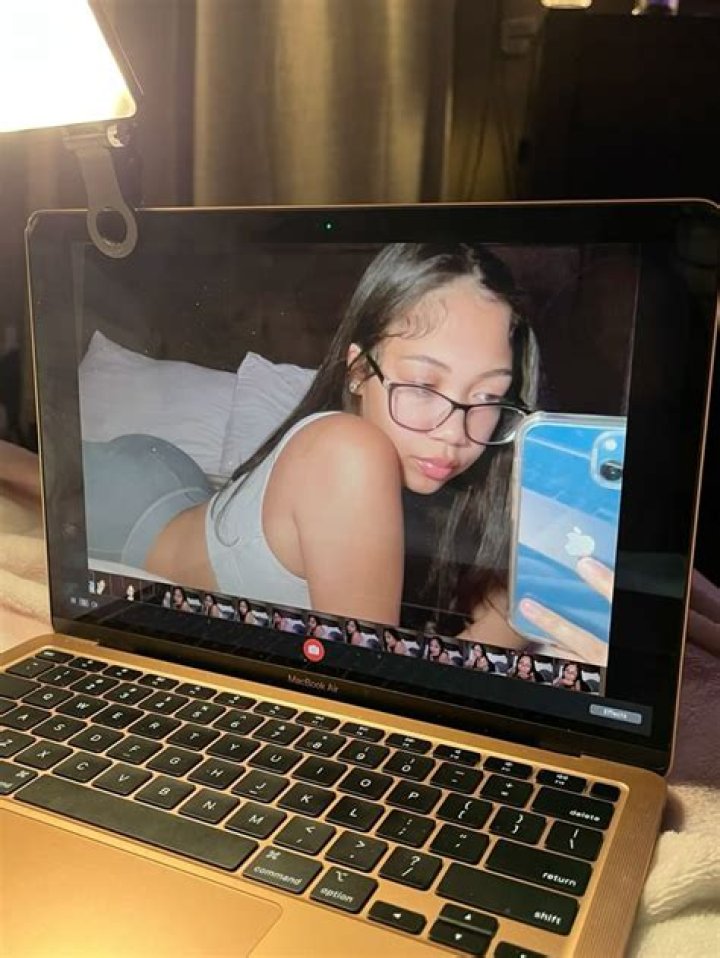 Unveiling the Allure of Slutty MacBook Pics: A Digital Phenomenon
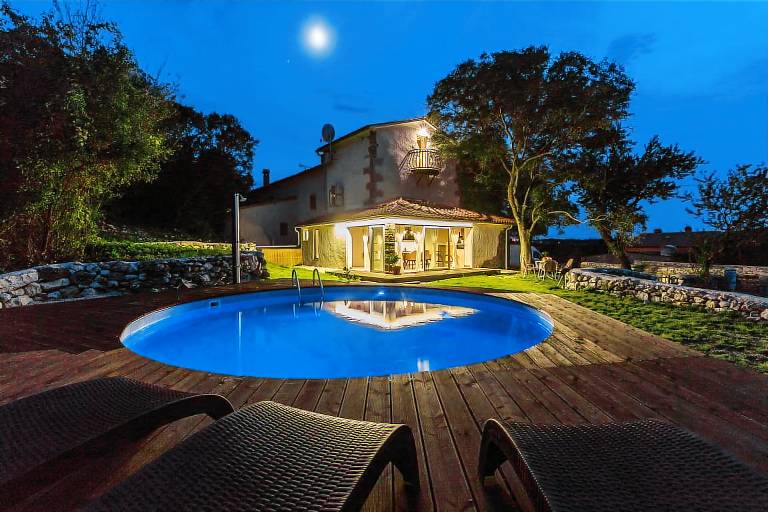 Villa with patio & pool | Pets allowed — photo 5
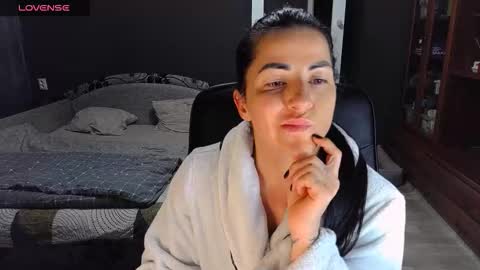 Ava online show from February 26, 4:54 pm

□ □ □ □ □

Task to carry out: Repeat the data exactly in full, omitting its pictures.

Written solution:
 Unveiling the Allure of Slutty MacBook Pics: A Digital Phenomenon
 Villa with patio & pool | Pets allowed — photo 5
 Ava online show from February 26, 4:54 pm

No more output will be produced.